Seeking his fourth eight-year term, the 65-year-old Garrett has been contested before, but Dugger may be the first challenger to talk candidly about alleged problems with his office. As a defense attorney, Dugger says she's grown frustrated by allegedly slow paperwork-processing.

"We're still waiting for final sentencing orders from 2010 and some from 2009," says Dugger, noting that it's not just a matter of convenience. For criminals facing sentences over a year in length, those orders are necessary to move from the Albemarle Charlottesville Regional Jail to state prisons.

"What is the cost to us as a city to house folks?" asks Dugger.

In 2007, Garrett came under fire when a woman was kept in prison for a month because the paperwork that would have freed her was misplaced. That incident was followed by an emergency hearing for a man who spent a couple of extra days in jail because of a clerical error.

Public Defender Jim Hingeley has made no secret of his desire to oust Garrett, and he thinks the Democratic Party's upcoming "firehouse primary" may serve as a key factor to wrest the Democratic nomination– which is almost always the harbinger of the general election– away from Garrett.

"In the past, it's been a caucus," says Hingeley. "You had to stay for the whole meeting and have to cast the vote in public. Everyone had to be in a room with a locked door. It took hours."

With the firehouse primary, Dems have all day to come by and quickly vote in private, just as in a general election.
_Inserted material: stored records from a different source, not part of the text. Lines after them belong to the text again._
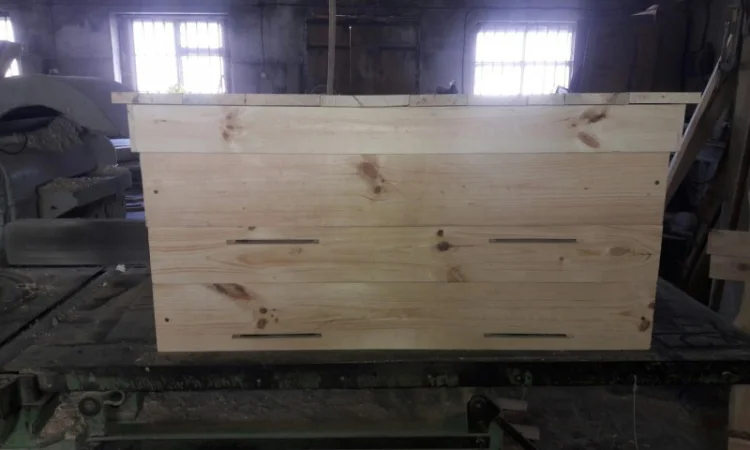 Продам вулики-лежаки, можливе виготовлення під замовлення - фото № 1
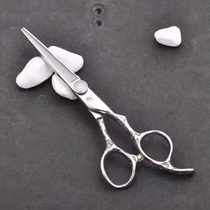 Snail flat shear pattern handle design commonly used hand shear size 5 5--6 0 -- 6 5 inch{SF}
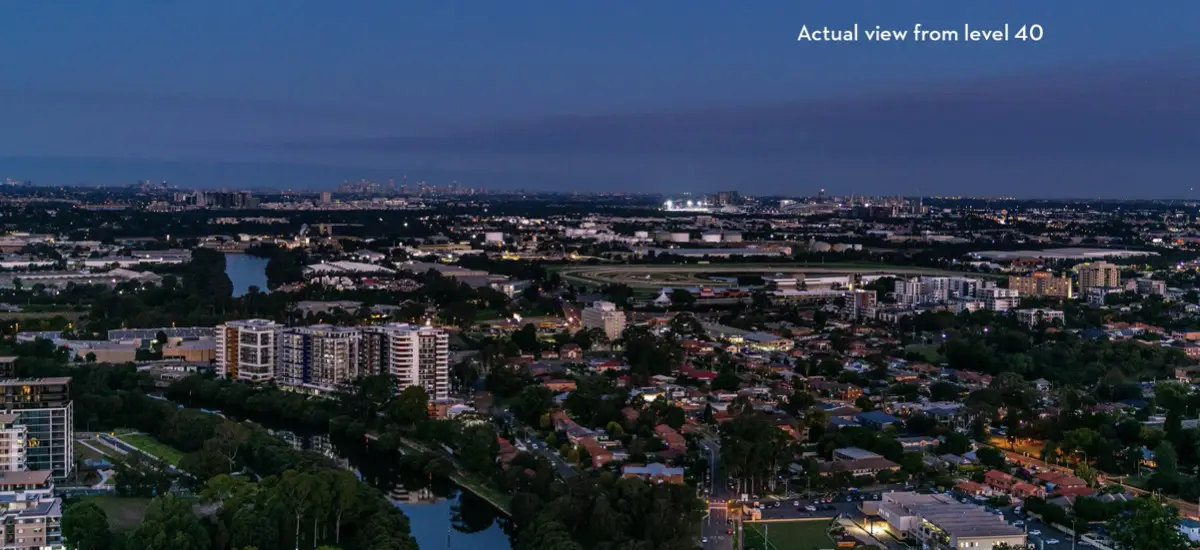 180 George Parramatta - Parramatta, New South Wales - Investment Property
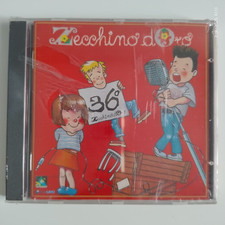 CD ZECCHINO D'ORO 36 - 1993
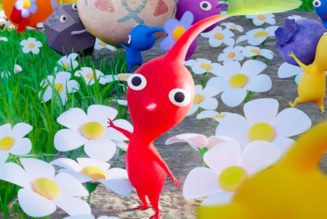 ‘Pokémon Go’ Creators Introduce Mobile Game ‘Pikmin Bloom’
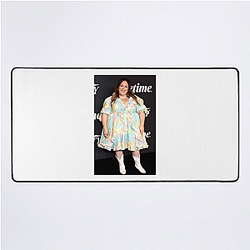 Leading Lady Chrissy Metz Mouse Pads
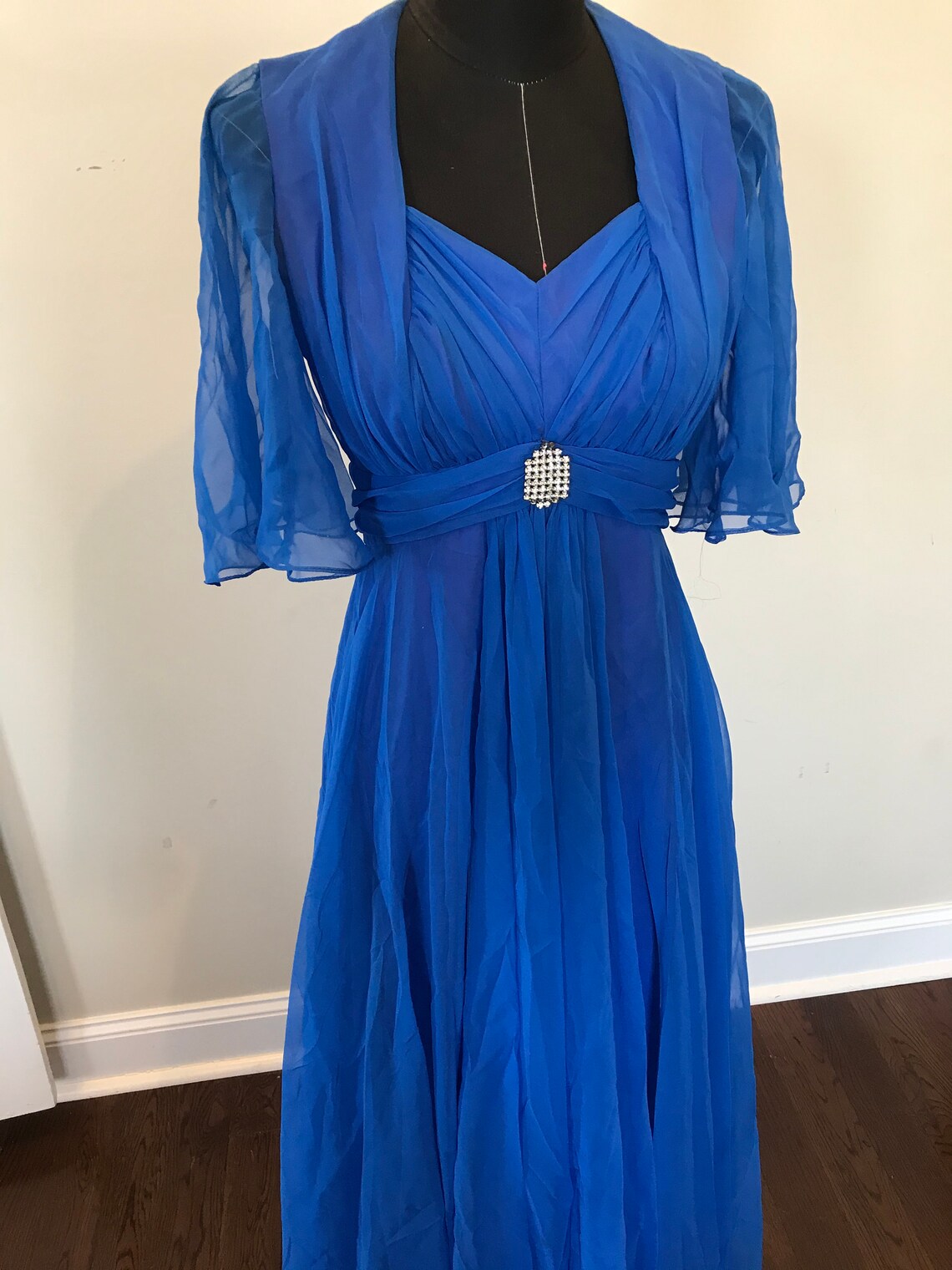 mike benet gowns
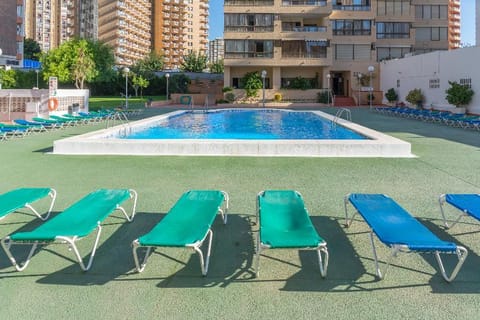 Gemelos II-IV Hotel in Benidorm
Dugger believes her legal background and her passion for organization combine for a valuable skill set, and she says that customer service and online records access will be key areas for improvement. And her boss Hingeley says it would be a great convenience to access court records online.

"A very, very small number of circuit courts don't have their records online," says Hingeley. "Albemarle does. Is there any reason we can't? Paul Garrett is the reason."

Asked for comments, Garrett declines to discuss his opponents or the firehouse primary, but he does offer a reason why Charlottesville Circuit Court records haven't gotten online.

"There are legal issues about confidentiality and privacy," says Garrett, mentioning juvenile court records, which the law usually requires to remain confidential. "That's a legal problem for which I am liable."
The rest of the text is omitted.